Frank Herbert goes in a completely new direction with his fourth book in the Dune series, God Emperor of Dune. This novel has quite a different feel than the first three. The setting takes place 3500 years after the ending of Children of Dune. Dune’s ecological transformation is complete except for a small patch of desert. As a result of the transformation, the sandworms (and the supply of new spice) died off. Leto has almost completely transformed into a sandworm, and has taken over as leader of the galaxy. He’s been working on his “Golden Path” all this time while sitting on the last big hoard of spice.

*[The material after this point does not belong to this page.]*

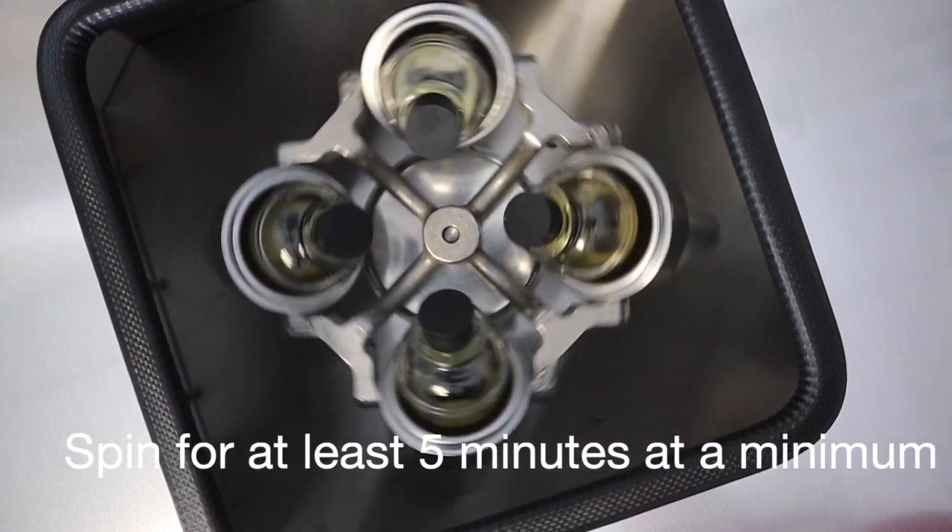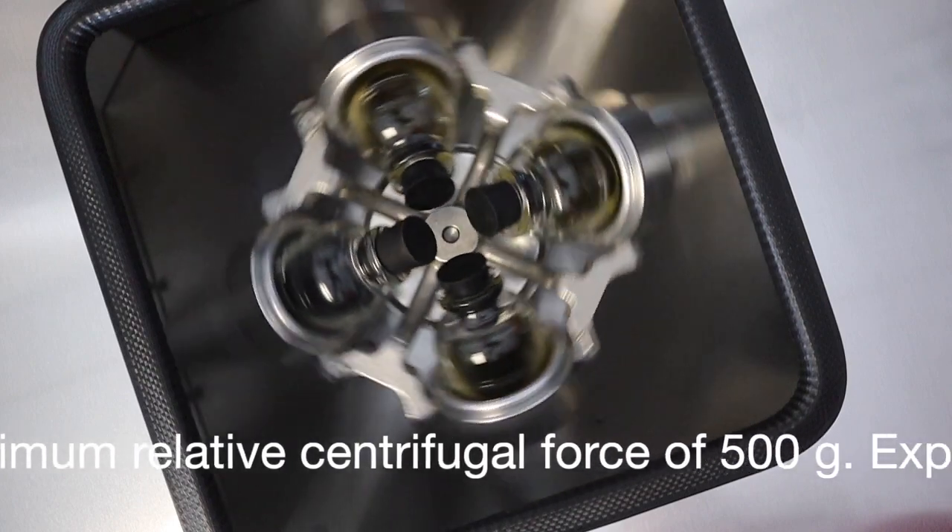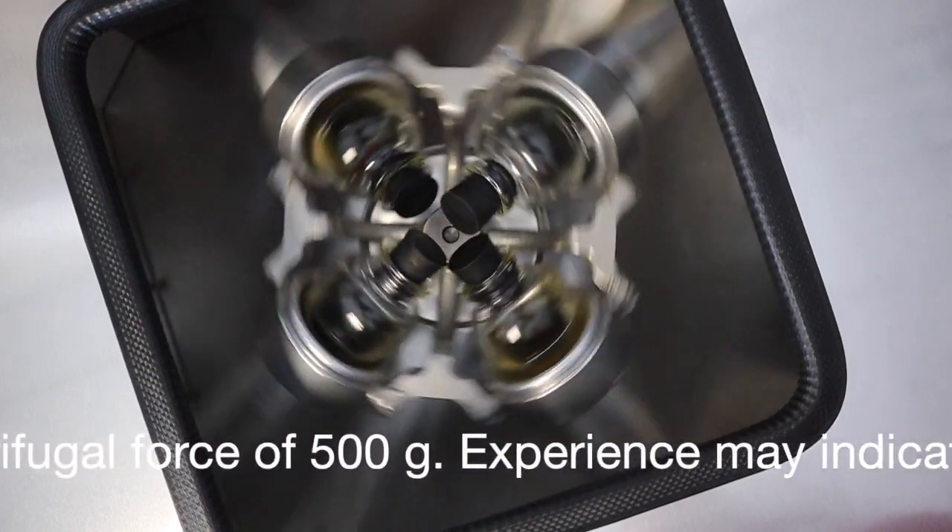Once the cycle has begun, follow API guidelines referring to the suggested amount of time to run a centrifuge unit.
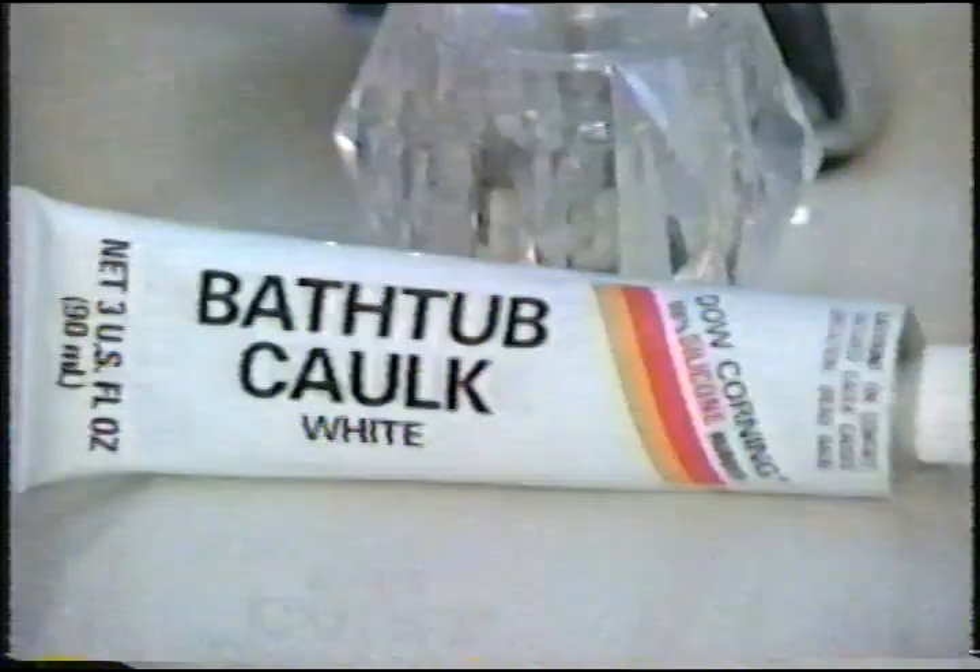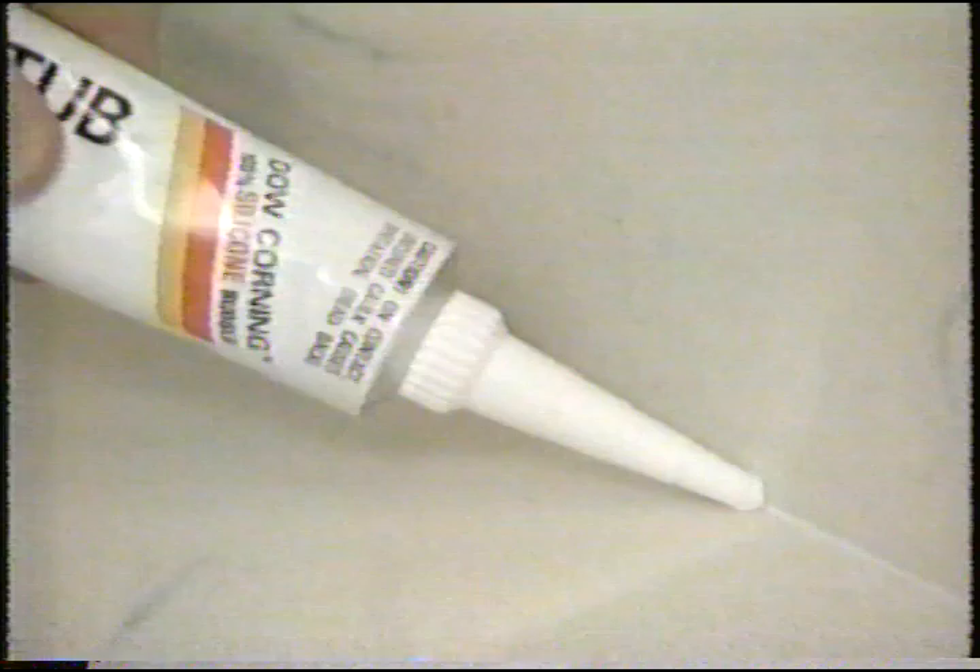Dow Corning Bathtub Caulk seals joints with 100% silicone rubber. The 3-ounce tube is just $1.27. You'll save time and money.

Aside from the lack of new spice, there are a few other developments. The Guild Navigators are working with Ix to develop a way to safely travel through space without spice. Leto is aware of this plot, but does not seem to be worried. Also, Leto has continually resurrected the Idaho ghola to act as the leader of his female army, the Fish Speakers. One of the youngest in Leto’s breeding program, Siona, has rebelled and stole his secret personal journals. She sends these to the Ixians hoping to find some type of weakness so that she can kill Leto. To complicate matters, Leto has ordered one of his top Fish Speaker guards, Nayla, to act as a double agent, obeying Siona even if she is ordered to attack him. This is all set up within the first 50 pages or so.
One of the main things that annoyed me with this book is the constant ramblings of Leto which don’t make much sense. Before each chapter there is a section from the stolen journals which has some sort of wise saying about the workings of the world, human nature, war, or economics. Some of the stuff makes sense, but most of it seems a bit out there. Leto makes it clear early on that Siona is to be tested to see if he can explain the Golden Path to her.
I lost count of the references to the Golden Path in conversations between Leto and his servant Moneo Atreides, father of Siona. With only 50 pages or so I got frustrated because I still wasn’t sure what the Golden Path was. It turned out that Herbert doesn’t reveal this until the last few pages. The first three quarters of the book were a fairly tedious read. The last part I finished in just a few hours, where before I could only read a few chapters before having to take a break.
There is some seriously messed up stuff that happens toward the end of the book that I won’t go into because of spoilers. Trust me, you’ll know it when and if you read it. Now is a good time for me to take a bit of a break from the Dune books. I’m sure I will read the rest sometime in the future, but right now I have several other books that I’ve been anxious to get to.